I often read of incidents of misunderstanding or conflict. I'm left puzzled. Why do these people create mistrust and problems, especially with those from other races?
I was growing up in Kuala Lumpur in the early 1960s,when children from different races and religions played and studied together in harmony. At that time my family lived a stone's throw from Ismail's. And no one was bothered that Ismail was a Malay Muslim and I was an Indian Hindu-we just accepted our differences. Perhaps,our elders had not filled our heads with unnecessary advice, well meant or otherwise.

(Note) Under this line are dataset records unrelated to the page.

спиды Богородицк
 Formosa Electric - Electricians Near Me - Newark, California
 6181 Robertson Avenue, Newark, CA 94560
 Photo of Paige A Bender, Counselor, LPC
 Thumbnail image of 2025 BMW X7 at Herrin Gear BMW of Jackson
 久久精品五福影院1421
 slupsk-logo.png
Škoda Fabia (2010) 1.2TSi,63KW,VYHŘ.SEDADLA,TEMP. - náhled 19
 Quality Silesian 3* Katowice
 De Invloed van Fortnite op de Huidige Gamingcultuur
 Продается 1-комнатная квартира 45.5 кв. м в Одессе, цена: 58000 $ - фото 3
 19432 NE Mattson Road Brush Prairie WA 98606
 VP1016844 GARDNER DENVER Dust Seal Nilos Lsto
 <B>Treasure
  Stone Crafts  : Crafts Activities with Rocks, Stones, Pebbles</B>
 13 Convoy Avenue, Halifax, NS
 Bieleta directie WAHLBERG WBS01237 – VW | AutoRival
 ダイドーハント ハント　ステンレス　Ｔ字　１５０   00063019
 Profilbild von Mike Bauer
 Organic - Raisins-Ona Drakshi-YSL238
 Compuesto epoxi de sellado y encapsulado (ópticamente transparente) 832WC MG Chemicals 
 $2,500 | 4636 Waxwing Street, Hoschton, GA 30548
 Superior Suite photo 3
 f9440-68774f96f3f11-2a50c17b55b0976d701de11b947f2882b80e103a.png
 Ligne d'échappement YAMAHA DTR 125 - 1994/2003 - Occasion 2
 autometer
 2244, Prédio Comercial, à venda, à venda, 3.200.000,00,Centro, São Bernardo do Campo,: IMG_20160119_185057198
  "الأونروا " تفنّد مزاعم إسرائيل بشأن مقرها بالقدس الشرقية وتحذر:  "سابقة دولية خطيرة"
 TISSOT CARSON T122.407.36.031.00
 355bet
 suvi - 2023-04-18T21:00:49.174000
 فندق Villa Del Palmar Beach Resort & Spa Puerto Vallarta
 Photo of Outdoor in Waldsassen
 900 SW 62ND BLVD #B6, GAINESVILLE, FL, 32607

We were nine when we became friends. During the school holidays, we 'd explore the countryside on our bicycles,hoping to come across the unexpected. At times Ismail would accompany my family as we made a rare shopping trip to town. We would be glad of his company.
When I was twelve, my family moved to Johor. Ismail's family later returned to their village, and I lost touch with him.
One spring afternoon in 1983, I stopped a taxi in Kuala Lumpur. I stated my destination. The driver acknowledged my instructions but did not move off. Instead, he looked fixedly at me. "Raddar?" he said, using my childhood nickname (绰号).I was astonished at being so familiarly addressed (称呼).Unexpectedly! It was Ismail! Even after two decades we still recognized each other. Grasping his shoulder, I felt a true affection, something possible to describe.
If we can allow our children to be themselves without prejudice, they'll build friendships with people,regardless of race or religion, who will be by their side through thick and thin. On such friendships are societies built and then we can truly be, as William Shakespeare once wrote, "We happy few. We band of brothers".